**What is needed:** Should any entry hold a picture, omit that picture and copy the rest of the entry exactly.

**Information shown:**
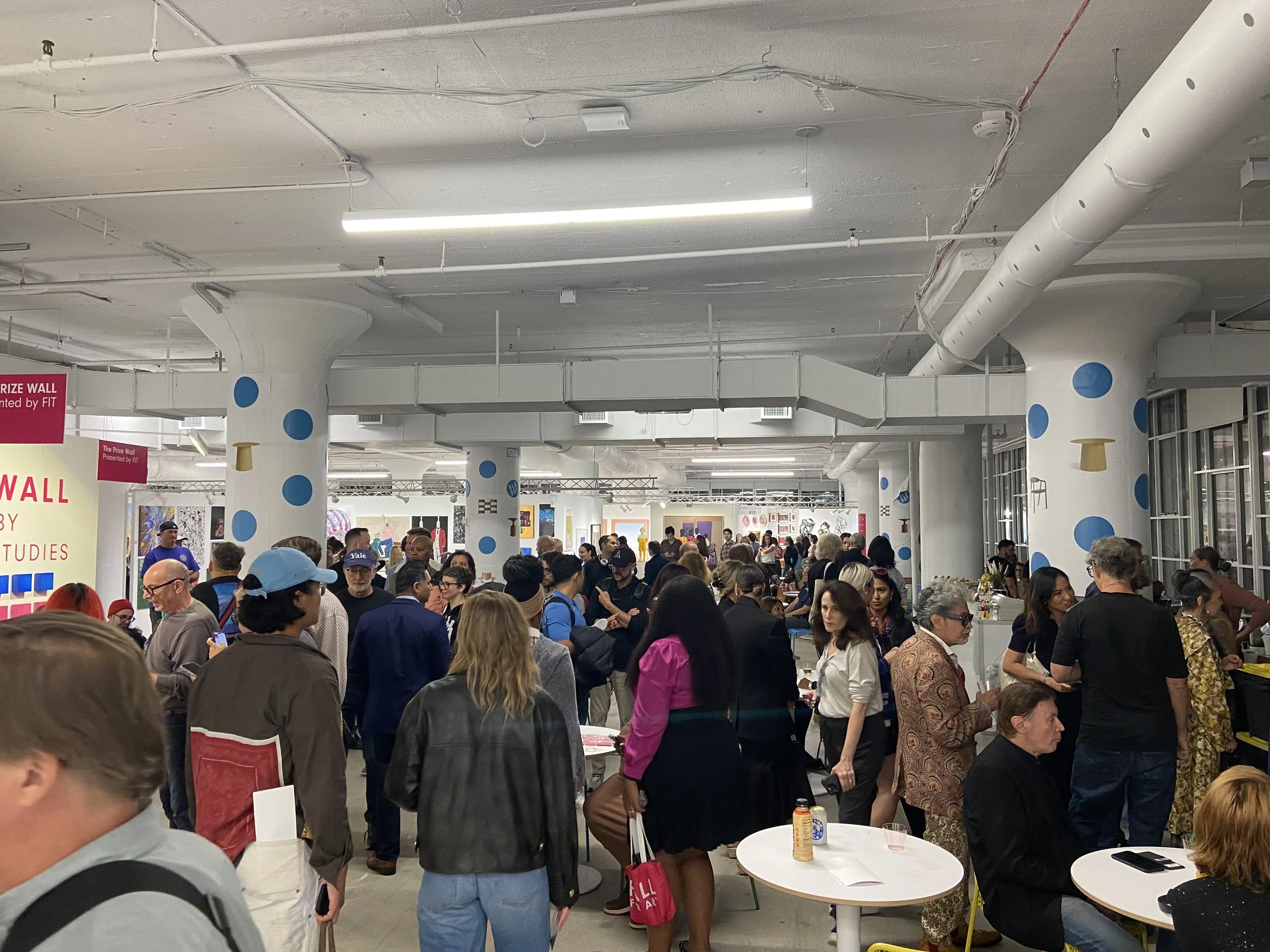 A large indoor art exhibition or auction space filled with a diverse crowd of people walking and browsing various artworks. The ceiling has visible pipes and ducts, with bright lighting.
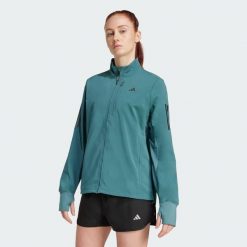 Kurtka do biegania Own the Run Winterized. Niebieskie kurtki sportowe damskie Adidas, m, bez wzorów, bez kaptura, do biegania, climawarm (adidas). Za 439.00 zł.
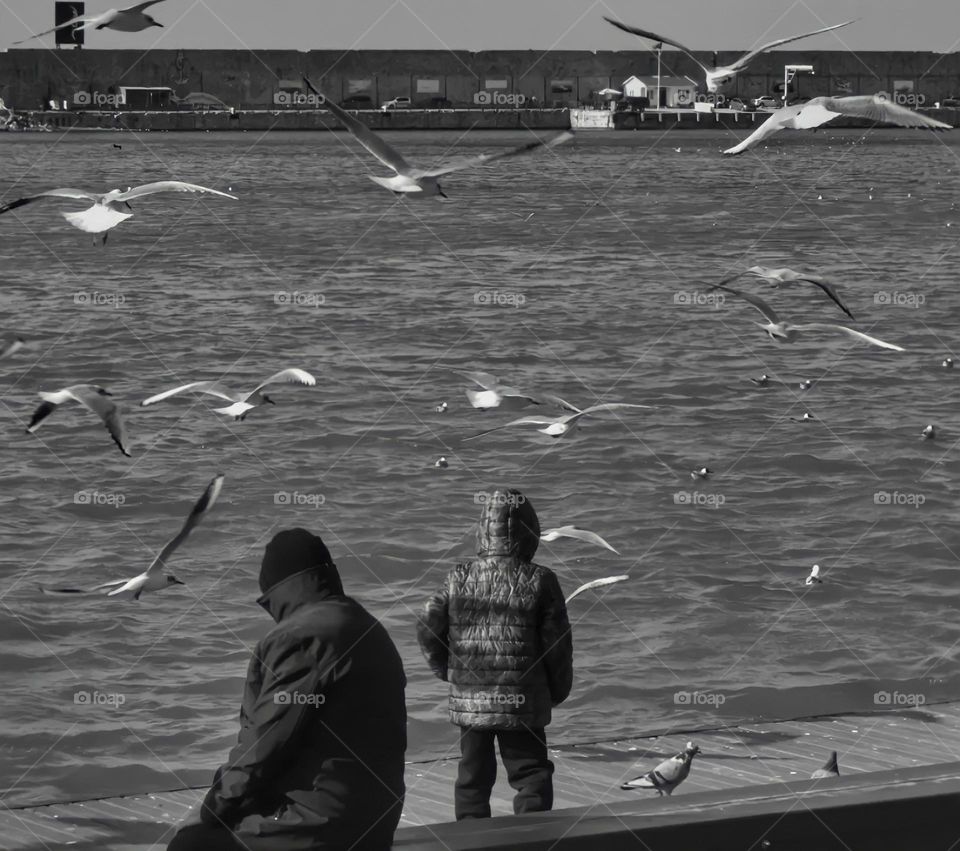 Black and white photo of a man and child is sitting near the sea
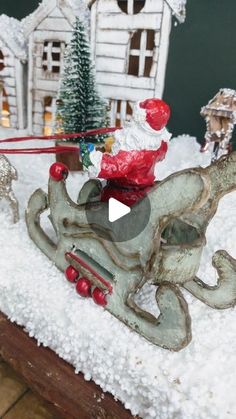 a sleigh with santa riding on it in the snow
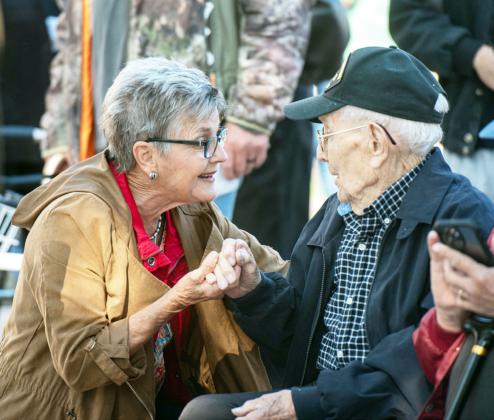 'THANK YOU.' Mrs. Dreu Bearden takes a minute to visit with WWII veteran Bill Potter in American Legion Park after Saturday's parade. See additional photos on page 8. Sandy Kothmann, photo.
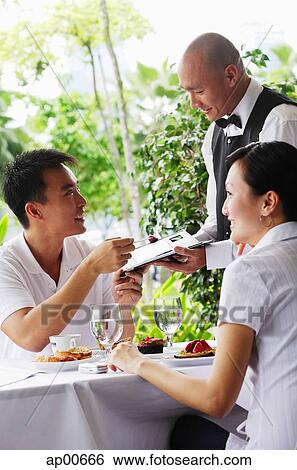Stock Photograph - Couple in restaurant, making payment to waiter. Fotosearch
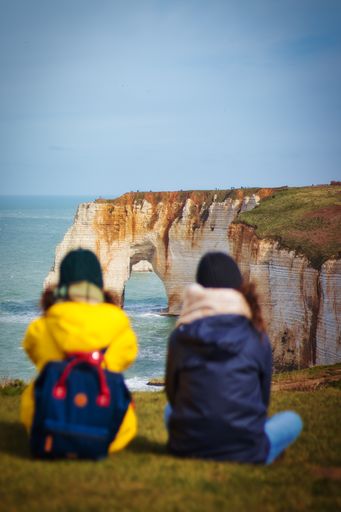 A vertical shot of hikers sitting on the ground and watching the view of Etretat cliffs in France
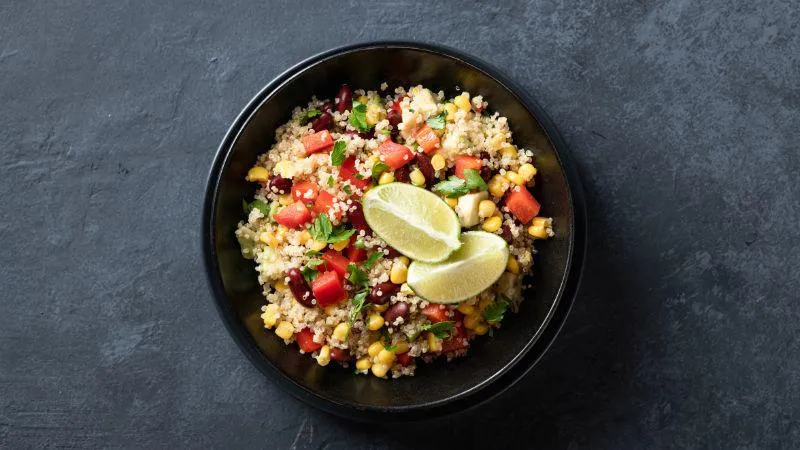 A black bowl filled with mixed quinoa salad, featuring beans, corn, chopped tomatoes, herbs, and two lime wedges on top, set on a dark textured surface.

**Answer to this problem:**
 A large indoor art exhibition or auction space filled with a diverse crowd of people walking and browsing various artworks. The ceiling has visible pipes and ducts, with bright lighting.
 Kurtka do biegania Own the Run Winterized. Niebieskie kurtki sportowe damskie Adidas, m, bez wzorów, bez kaptura, do biegania, climawarm (adidas). Za 439.00 zł.
 Black and white photo of a man and child is sitting near the sea
 a sleigh with santa riding on it in the snow
 'THANK YOU.' Mrs. Dreu Bearden takes a minute to visit with WWII veteran Bill Potter in American Legion Park after Saturday's parade. See additional photos on page 8. Sandy Kothmann, photo.
Stock Photograph - Couple in restaurant, making payment to waiter. Fotosearch
 A vertical shot of hikers sitting on the ground and watching the view of Etretat cliffs in France
 A black bowl filled with mixed quinoa salad, featuring beans, corn, chopped tomatoes, herbs, and two lime wedges on top, set on a dark textured surface.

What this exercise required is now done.